- _WHAT TO WORK ON_: Full transcription, minus images: write out the listing below exactly as it appears.

- _PROVIDED DATA_:
+++++

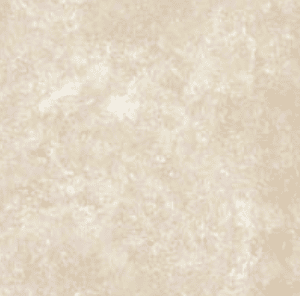 Durango Cream — MSI Travertine color option
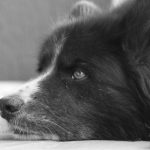 כלב דוב קרלי - Karelian Bear Dog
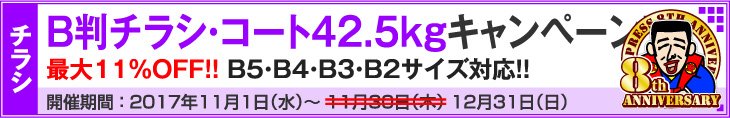 B判チラシ印刷・これだけ3％OFFキャンペーン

+++++

- _SOLUTION BELOW_:
 Durango Cream — MSI Travertine color option
 כלב דוב קרלי - Karelian Bear Dog
 B判チラシ印刷・これだけ3％OFFキャンペーン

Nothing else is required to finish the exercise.